Revision history for this message
Russell Bryant (russellb) wrote :

In the postcommit callback, we have access to both the current and old versions of the data.

The race condition you demonstrate in the report is for updating a port. In update_port_postcommit() in the OVN mech driver we have:

     def update_port_postcommit(self, context):
         port = context.current
         original_port = context.original
         self.update_port(port, original_port)

"original_port" is the old values for the port. "port" is the new values.

My suggestion is:

1) Go through and make sure that "original_port" matches the current data we have in our copy of the OVN northbound database. If they don't match, we've caught a race condition where another worker has already completed a 2nd Neutron database transaction, the OVN db transaction, and this worker's copy of the OVN database received that update.

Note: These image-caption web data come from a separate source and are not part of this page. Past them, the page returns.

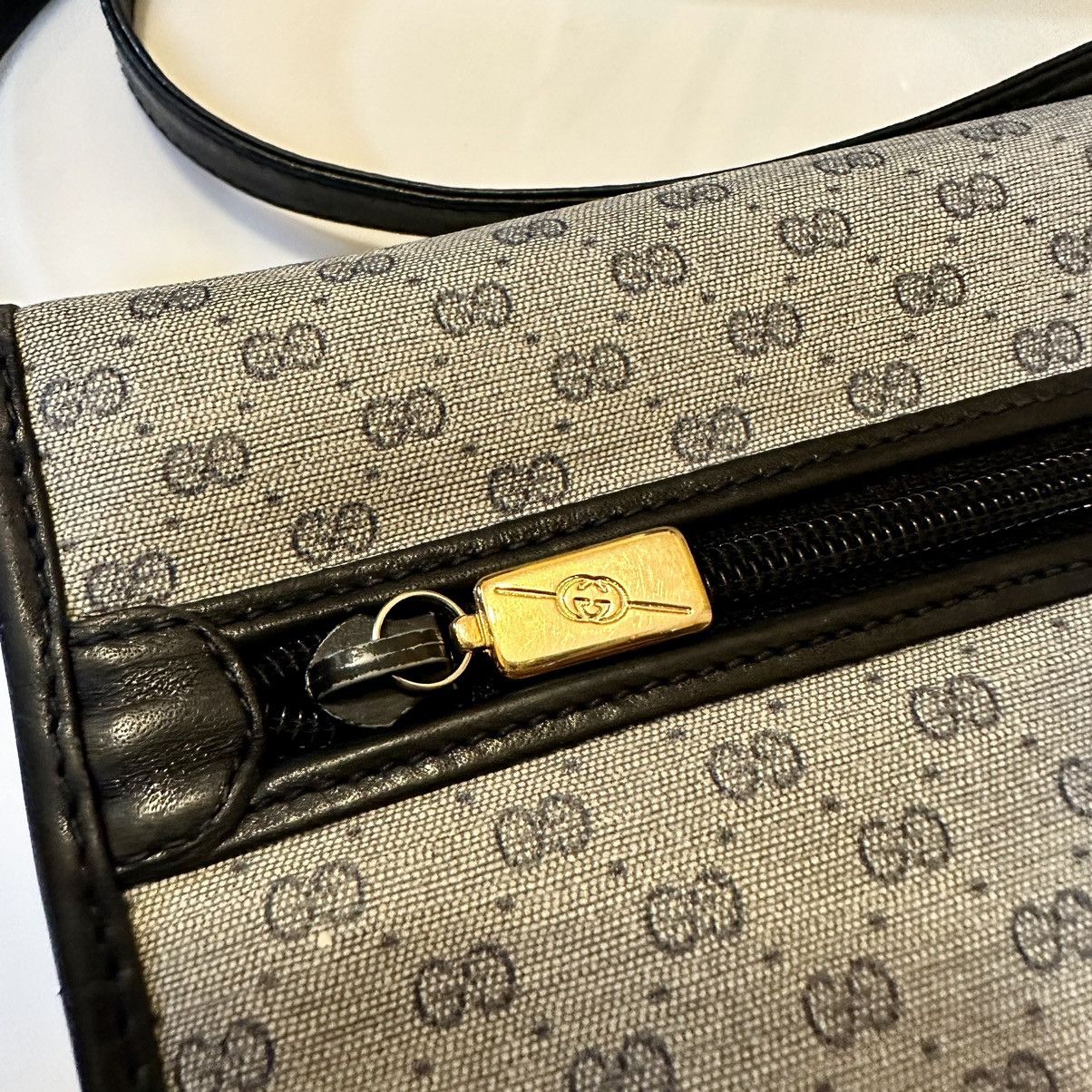 Gucci Navy Monogram Leather Crossbody Size ONE SIZE - 6 Thumbnail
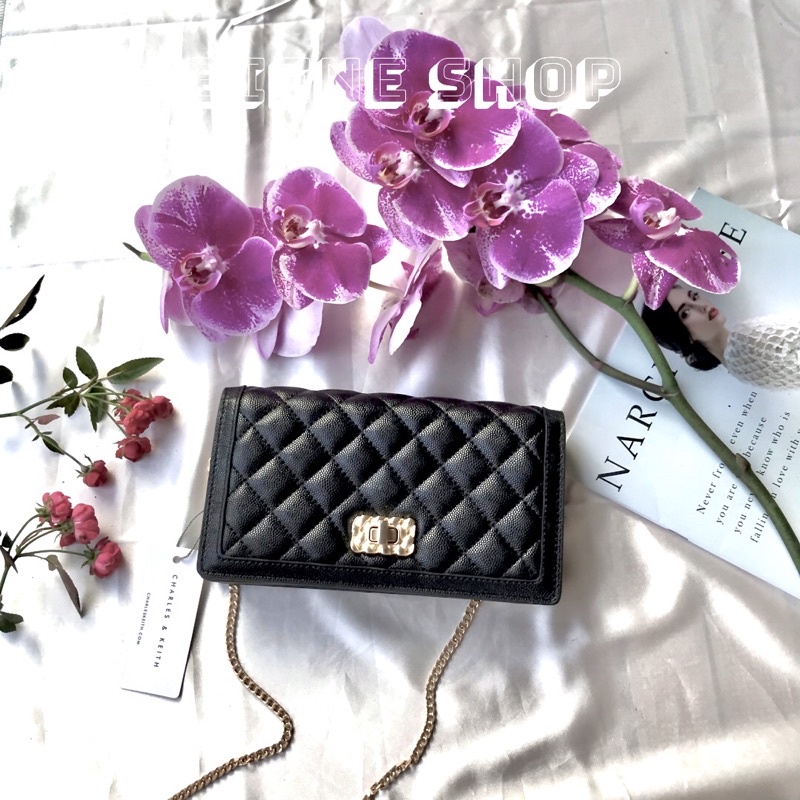 Túi Nữ Dạng Trám Sần Clutch Nữ Có Dây Xích Tháo Dời Micaela Quilted Phone Pouch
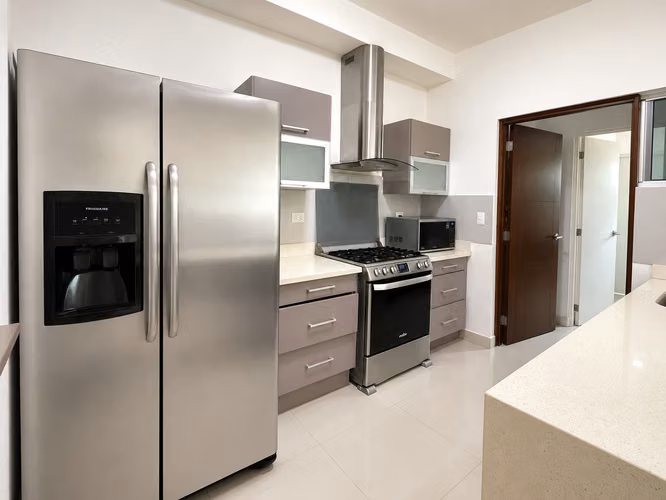  SE RENTA O SE VENDE TOWNHOUSE SEMIAMUEBLADO EN VILLAS FONTANA - Imagen 2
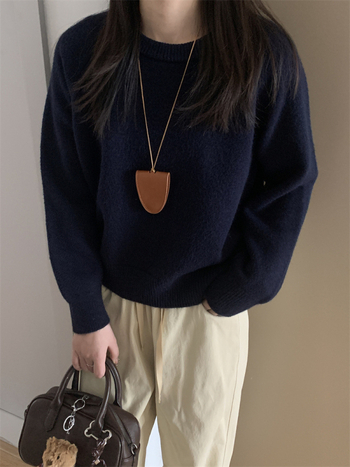 Pulover tricotat cu guler rotund, mâneci lungi, croială lejeră, amestec lână de oaie cu acril și poliester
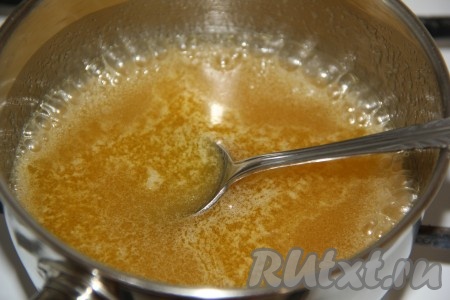 Содержимое кастрюли прогреть на среднем огне, помешивая, до полного растворения масла и сахара.
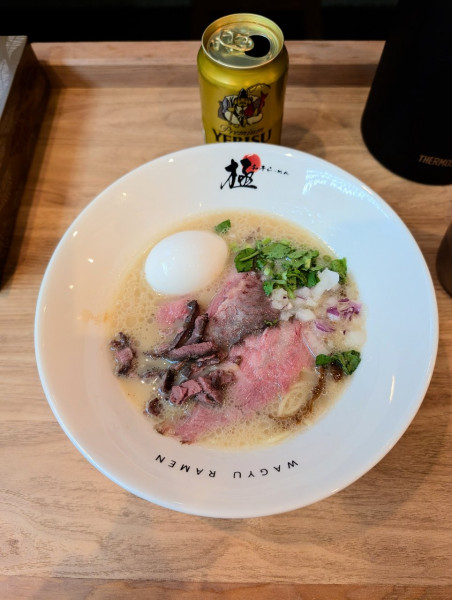 「極上和牛らーめん＋エビスビール」@和牛らーめん 極の写真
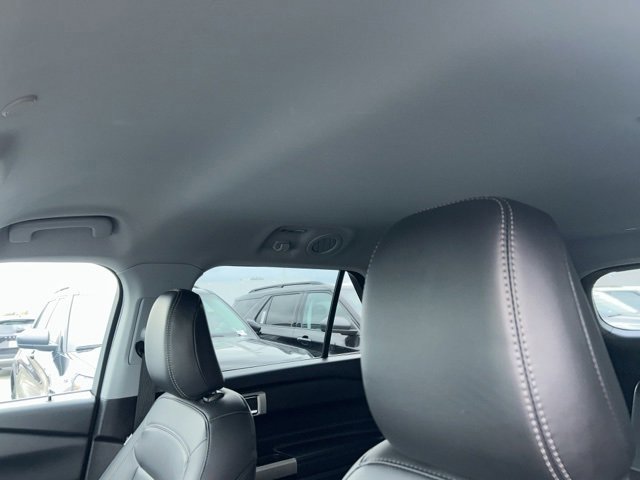 Certified 2022 Ford Explorer XLT w/ Equipment Group 202A image 18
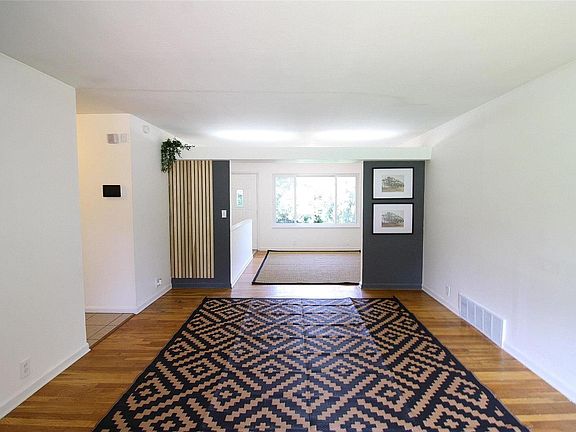 4th image of 10127 Edgefield Dr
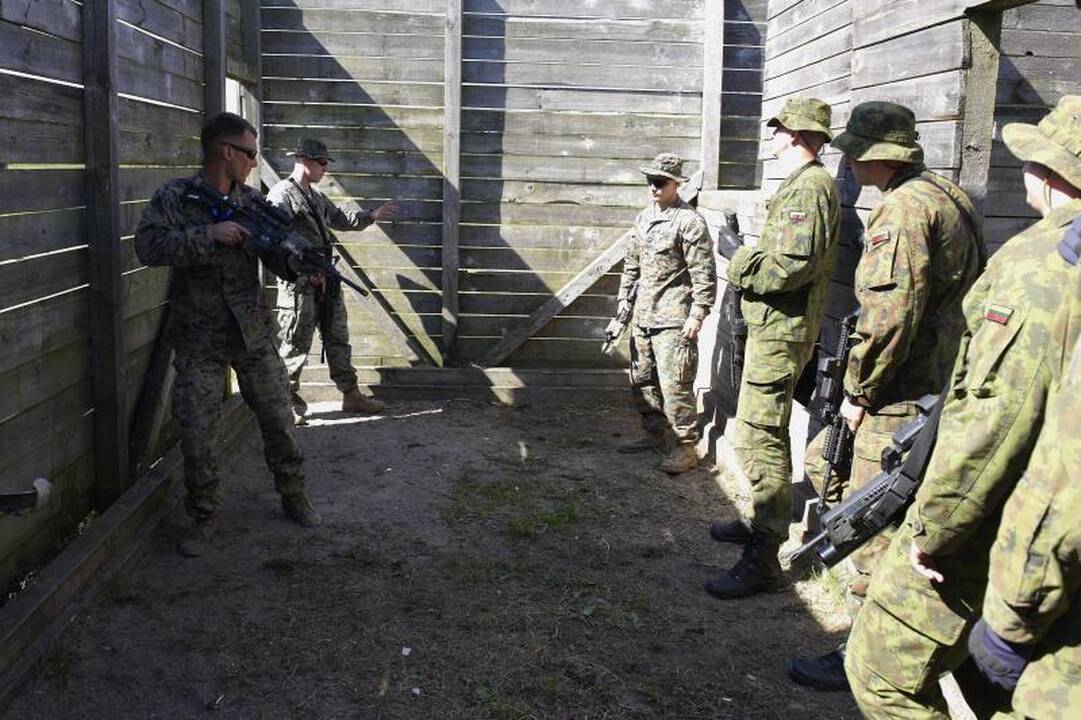 Kairių poligone treniravosi JAV jūrų pėstininkai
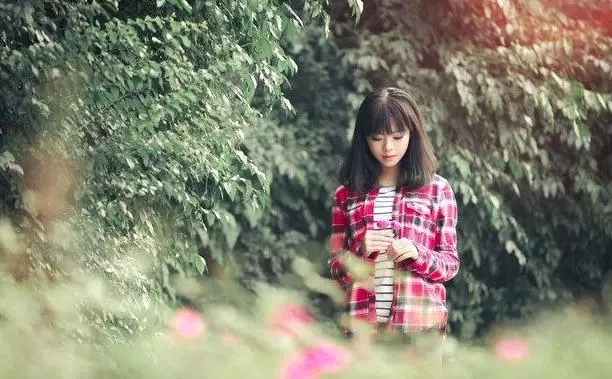 夏天的12星座女,愛你的方式各不同,射手座調皮,金牛座溫柔!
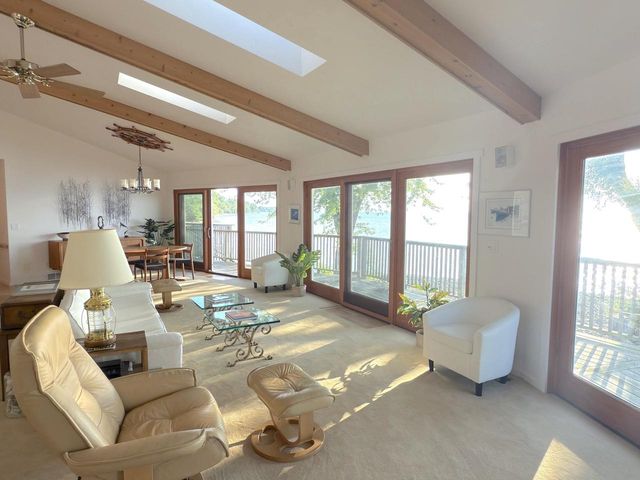 4061 NICOLET ROAD, Green Bay, WI 54311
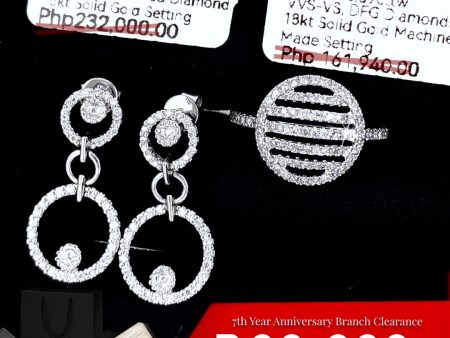 Round Halo Diamond Jewelry Set 18kt Online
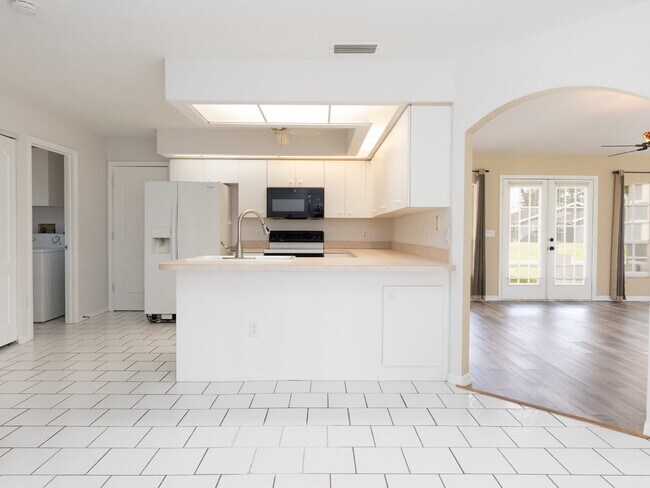 Building Photo - RENT THIS HOME WITH ZERO DEPOSIT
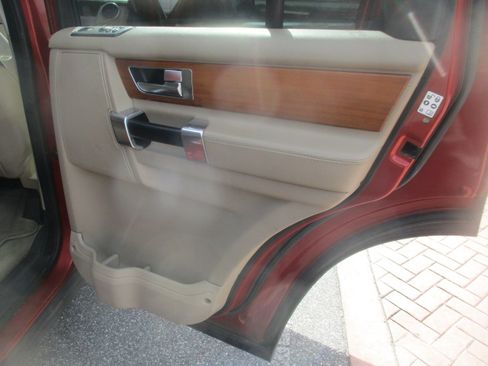 Used 2010 Land Rover LR4 HSE LUX image 14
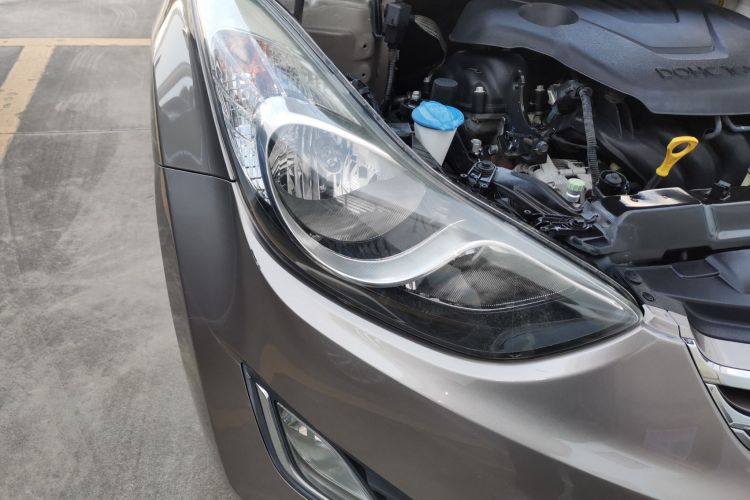 现代 朗动 2012款 1.6L 自动时尚型车身外观8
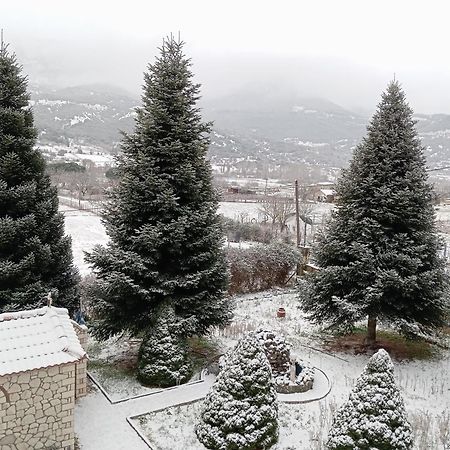 Valia Rooms Kalavryta Buitenkant foto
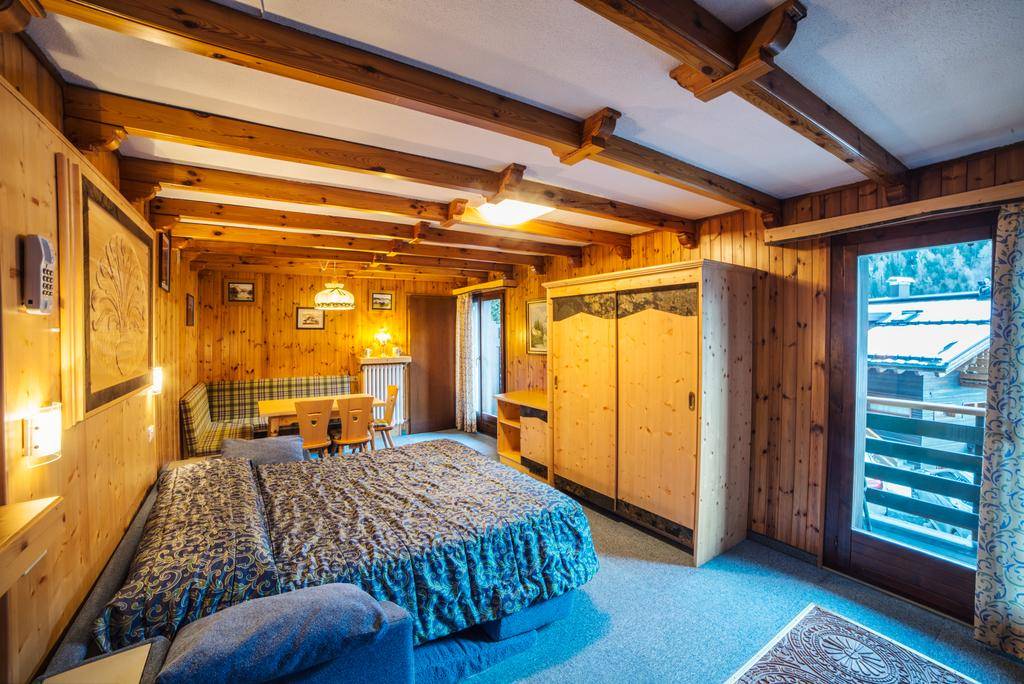 CIME D'ORO GARNI HOTEL (MADONNA DI CAMPIGLIO) 3 ★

2) If #1 looks good, use the OVSDB verify() capability to ensure that our OVN transaction does not succeed if the current values in the OVN database do not match what we had in our local copy.

For your example in this report, let's assume the port started with an address of 10.0.0.1.

Worker 1)
a) Update neutron DB from 10.0.0.1 to 10.0.0.10
b) Update OVN db to 10.0.0.10

Worker 2)
x) Update neutron DB from 10.0.0.10 to 10.0.0.8
y) Update OVN db to 10.0.0.8

The order was a -> x -> y -> b.

In my proposed scheme, I think (b) would have failed and Neutron and OVN would remain in sync. Analyzing original_port vs port would indicate that there is a change to fixed IPs. Original_port would indicate that the old value was 10.0.0.1. If our local copy was already updated to indicate that the port has 10.0.0.8, we would not proceed with updating the OVN db. If our local copy had 10.0.0.1, we would use verify() to ensure that the value was still 10.0.0.1 when the transaction is committed.